What accounts for the poor economic performance in the current recovery? More and more evidence point to rising regulations as the economic culprit. At the current pace of rulemaking, the American Action Forum estimates the Obama Administration will issue a total of 641 major rules before the president leaves office, bringing the nation's regulatory bill to $813 billion. By contrast, President George W. Bush issued 426 major rules during his tenure in the White House. According to the Wall Street Journal, the Obama Administration is responsible for six of the top seven years of red-tape creation in the nation’s history. Under George Bush Jr. we had “no child left behind,” but under Barrack Obama we have gotten “no economist or lawyer left behind.”
Two of Obama’s legislative/regulatory programs demonstrate the negative impact of expanding regulations. First, the Affordable Care Act (ACA) signed into law in 2010 demands that companies with more than 49 workers either provide health insurance to employees working 30 hours or more weekly, or pay a stiff fine. Not surprisingly since January of this year, Americans working part-time due to business conditions has risen at more than twice the pace of overall employment growth.

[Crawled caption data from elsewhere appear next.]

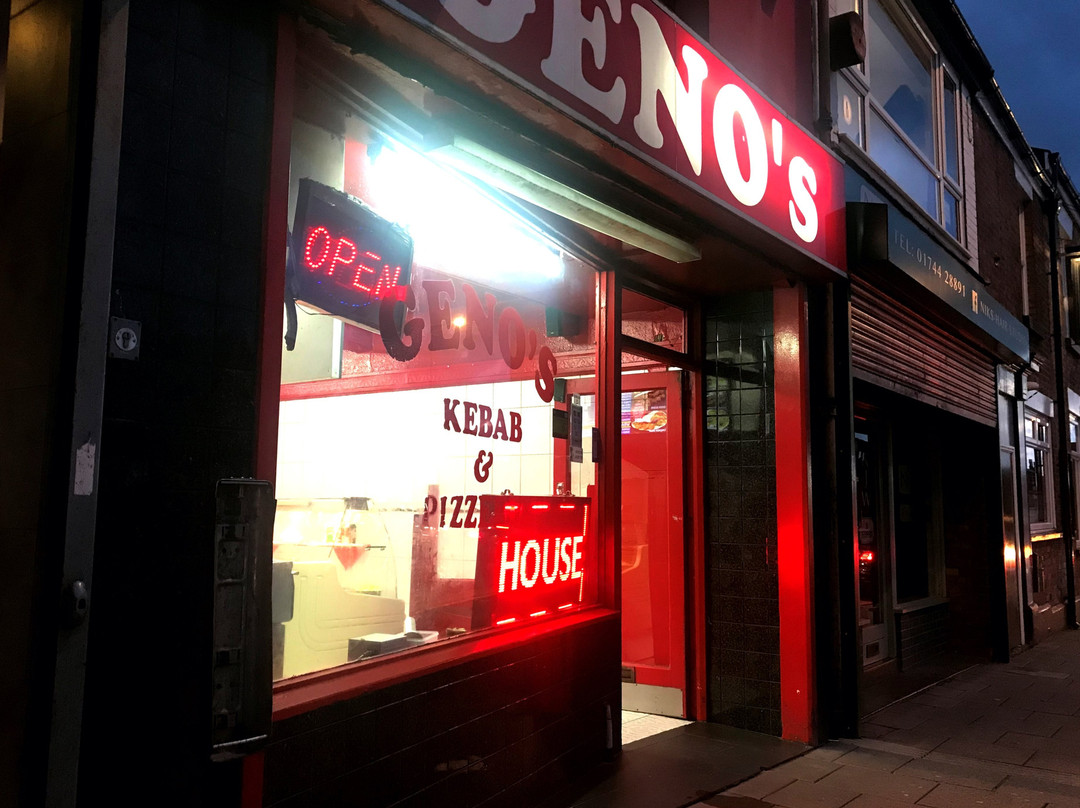 Geno's Kebab & Pizzeria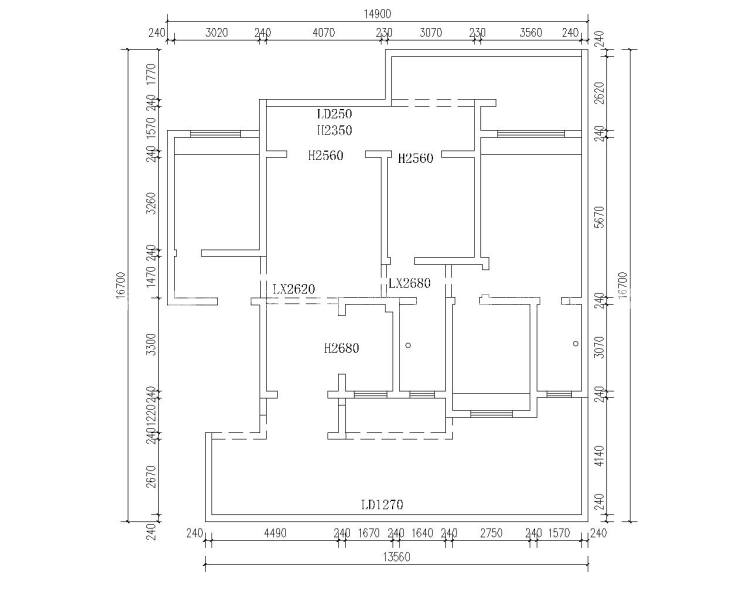 168平西峡壹号院现代简约风-业主需求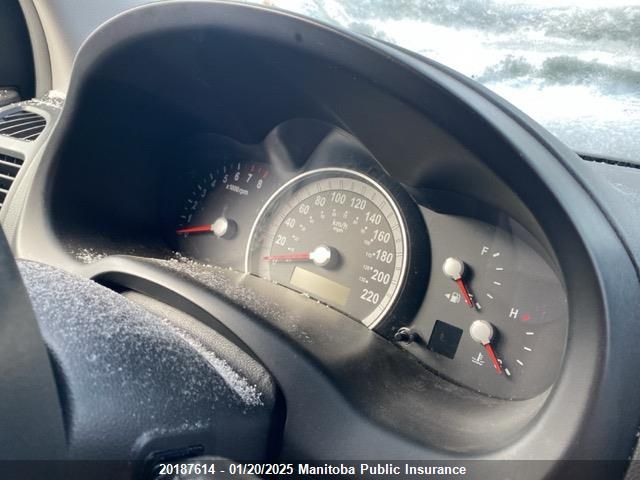 2007 Hyundai Entourage Gls VIN: KNDMC233376016937 Lot: 20187614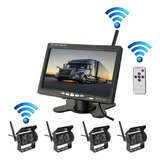 Sistema De Aparcamiento Camiones Monitor Inalámbrico Wifi Hd
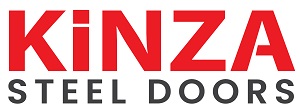 KINZA STEEL DOORS logo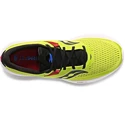 Heren hardloopschoenen Saucony  Ride 15 Acid Lime/Spice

A second, major economic growth killer is the Dodd-Frank Act. Said the U.S. Chamber’s David Hirschmann, president of the Center for Capital Markets Competitiveness, "It (Dodd-Frank) increased uncertainty for American businesses and hindered their ability to promote economic growth and create jobs." Since passage in July 2010, commercial banks have shed 2.7 percent of their employees in contrast to firms outside of commercial banking that expanded their jobs by almost eleven percent during the same time period.
In Creighton’s monthly survey of bank CEOs in rural areas of ten states, bankers indicated that rising regulation was, and would be, the number one factor threatening their bank’s growth prospects. In our October 2016 survey, 27.3 percent of bankers indicated that rising regulation represented in their bank’s greatest economic challenge over the next five years.
Even with the onslaught of regulation at the national level, I expect the national economy to continue to grow by 2.3 percent in 2017 even as rural areas of the nation heavily dependent on agriculture and energy experience flat to slightly negative growth for the first half of 2017. U.S. businesses and consumers are riding a thoroughbred economy, but with the reins tightened by federal regulatory bodies. It is time to “let the big horse run.”